Dengan berdana box dan ber SP secara aktif dan bersungguh-sungguh, ikhlas karena Allah, hal itu tidak menjadikan para pegamal menjadi miskin, sebaliknya hal itu akan menjadikan para pengamal kaya, diselamatkan keluarganya dan ditata sedemikian rupa kehidupannya. Ditambah lagi seandainya para pengamal mau memasang satu kotak lagi disamping dana box dan SP yang dikhususkan untuk mengeluarkan zakatnya, diambil 2,5% dari pendapatannya setiap bulan, dan atau setahun sekali bagi yang bukan pegawai, atau bisa juga saat panen bagi para petani.

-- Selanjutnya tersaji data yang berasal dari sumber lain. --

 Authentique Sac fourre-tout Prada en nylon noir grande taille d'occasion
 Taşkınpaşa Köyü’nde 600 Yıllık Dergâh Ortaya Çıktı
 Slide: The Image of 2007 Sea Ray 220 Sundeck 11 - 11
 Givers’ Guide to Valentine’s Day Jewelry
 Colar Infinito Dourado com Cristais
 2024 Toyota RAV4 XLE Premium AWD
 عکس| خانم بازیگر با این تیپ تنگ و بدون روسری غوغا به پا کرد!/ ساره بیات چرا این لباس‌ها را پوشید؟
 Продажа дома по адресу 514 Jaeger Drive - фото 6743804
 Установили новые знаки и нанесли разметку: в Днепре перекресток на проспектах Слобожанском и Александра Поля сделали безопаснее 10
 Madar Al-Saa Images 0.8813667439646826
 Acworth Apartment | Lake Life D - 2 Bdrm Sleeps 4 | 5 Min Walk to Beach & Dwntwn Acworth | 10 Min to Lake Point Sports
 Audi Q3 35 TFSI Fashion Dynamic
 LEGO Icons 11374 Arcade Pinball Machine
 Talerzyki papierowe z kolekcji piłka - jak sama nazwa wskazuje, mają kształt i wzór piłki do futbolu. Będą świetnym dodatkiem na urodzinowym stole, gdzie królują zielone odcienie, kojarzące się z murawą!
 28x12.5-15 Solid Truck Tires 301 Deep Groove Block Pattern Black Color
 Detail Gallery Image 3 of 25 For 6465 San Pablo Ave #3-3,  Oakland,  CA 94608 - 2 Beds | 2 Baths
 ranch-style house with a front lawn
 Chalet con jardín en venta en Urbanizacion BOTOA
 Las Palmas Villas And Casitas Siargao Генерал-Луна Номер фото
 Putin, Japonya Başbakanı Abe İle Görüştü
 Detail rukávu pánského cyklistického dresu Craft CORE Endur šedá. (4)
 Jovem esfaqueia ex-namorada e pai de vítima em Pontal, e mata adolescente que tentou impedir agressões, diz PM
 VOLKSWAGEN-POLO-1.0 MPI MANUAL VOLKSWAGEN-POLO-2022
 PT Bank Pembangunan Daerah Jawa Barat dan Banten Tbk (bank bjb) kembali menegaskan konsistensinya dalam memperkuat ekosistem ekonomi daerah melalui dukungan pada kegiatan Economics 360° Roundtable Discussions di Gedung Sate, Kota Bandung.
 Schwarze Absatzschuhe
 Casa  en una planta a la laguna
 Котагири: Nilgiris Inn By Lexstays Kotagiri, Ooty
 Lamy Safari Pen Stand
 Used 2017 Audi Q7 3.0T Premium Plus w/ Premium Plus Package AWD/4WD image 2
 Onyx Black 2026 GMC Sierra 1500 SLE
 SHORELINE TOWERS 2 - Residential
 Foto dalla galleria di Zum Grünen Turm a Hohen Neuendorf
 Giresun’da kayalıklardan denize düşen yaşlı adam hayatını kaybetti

Penulis yakin, efeknya akan semakin dahsyat dalam kehidupan.

Tetapi, sekali lagi bahwa semua itu tergantung pada keyakinan kita masing-masing. Jika tidak ada keyakinan dalam diri kita, tentu hal itu tidak bisa memberikan dampak positif dalam hidup. Sebaliknya, apabila kita memiliki keyakinan sungguh-sungguh, insya Allah, Allah akan menata kehidupan kita sedemikian rupa. Salam perjuangan “Fafirru Ilallah wa Rasulihi Saw”.